# Golf Mk5 Gt TDi Remapping



## Braz11 (Aug 28, 2009)

Thinking of getting my Golf Mk5 140 remapped, more power and better fuel economy.
Anyone know any decent places/webites/companies that could remap the Golf?
and also anyone know how much power increase they could get out of a Remap?

Cheers , Adam


----------



## DIESEL DAVE (Jul 26, 2007)

2005 I had my mk5 2.0tdi 4motion remapped by Superchip (added 35/40bhp) 
£500 but warranted against damage


----------



## minimadgriff (Jul 8, 2007)

Yep come and see me  

The figures we gain are about 45bhp and 55llbft of torque.
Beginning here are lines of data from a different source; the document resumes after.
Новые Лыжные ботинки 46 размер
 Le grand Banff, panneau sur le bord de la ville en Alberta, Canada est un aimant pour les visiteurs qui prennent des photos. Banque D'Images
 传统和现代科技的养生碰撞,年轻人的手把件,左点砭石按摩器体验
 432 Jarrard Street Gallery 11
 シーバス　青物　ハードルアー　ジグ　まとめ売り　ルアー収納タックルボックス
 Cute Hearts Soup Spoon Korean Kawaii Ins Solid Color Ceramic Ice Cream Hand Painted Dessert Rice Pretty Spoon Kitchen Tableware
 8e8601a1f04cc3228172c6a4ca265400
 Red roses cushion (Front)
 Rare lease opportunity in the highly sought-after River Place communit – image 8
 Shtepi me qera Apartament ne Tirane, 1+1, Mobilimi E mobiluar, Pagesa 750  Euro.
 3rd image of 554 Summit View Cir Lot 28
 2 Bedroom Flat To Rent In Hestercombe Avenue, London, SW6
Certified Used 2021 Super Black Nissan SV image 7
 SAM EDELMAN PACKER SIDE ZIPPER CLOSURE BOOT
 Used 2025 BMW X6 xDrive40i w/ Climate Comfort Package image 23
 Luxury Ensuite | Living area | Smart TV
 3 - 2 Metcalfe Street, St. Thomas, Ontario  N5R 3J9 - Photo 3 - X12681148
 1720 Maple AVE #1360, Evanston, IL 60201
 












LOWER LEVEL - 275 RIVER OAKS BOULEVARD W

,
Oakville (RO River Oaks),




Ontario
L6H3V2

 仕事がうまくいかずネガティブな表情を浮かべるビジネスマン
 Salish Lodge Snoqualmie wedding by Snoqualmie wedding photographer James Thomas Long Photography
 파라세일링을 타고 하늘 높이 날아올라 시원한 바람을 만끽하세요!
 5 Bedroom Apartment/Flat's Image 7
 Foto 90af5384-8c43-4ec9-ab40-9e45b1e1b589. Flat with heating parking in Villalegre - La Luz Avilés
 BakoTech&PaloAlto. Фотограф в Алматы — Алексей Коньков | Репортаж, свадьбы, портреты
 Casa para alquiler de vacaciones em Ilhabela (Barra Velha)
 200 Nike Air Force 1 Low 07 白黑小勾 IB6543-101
The price of this is £399.95 inc vat. This also includes a road test with data logging to start with to make sure the car is performing as it should and there are no problems. We then carry out a before rolling road run to test standard power. The car is then mapped on the road as well as the dyno to suit your car. After this we finish with a final rolling road run so you have a print out of before and after power. 

Really does transform them! Will feel like a new car! 

10% off for DW members too


----------



## Braz11 (Aug 28, 2009)

Sounds brillant , il'l defintly think about thattt 1. and let you know mate


----------



## Ross (Apr 25, 2007)

45bhp and 55llbft of extra torque would make a huge difference on a Golf.


----------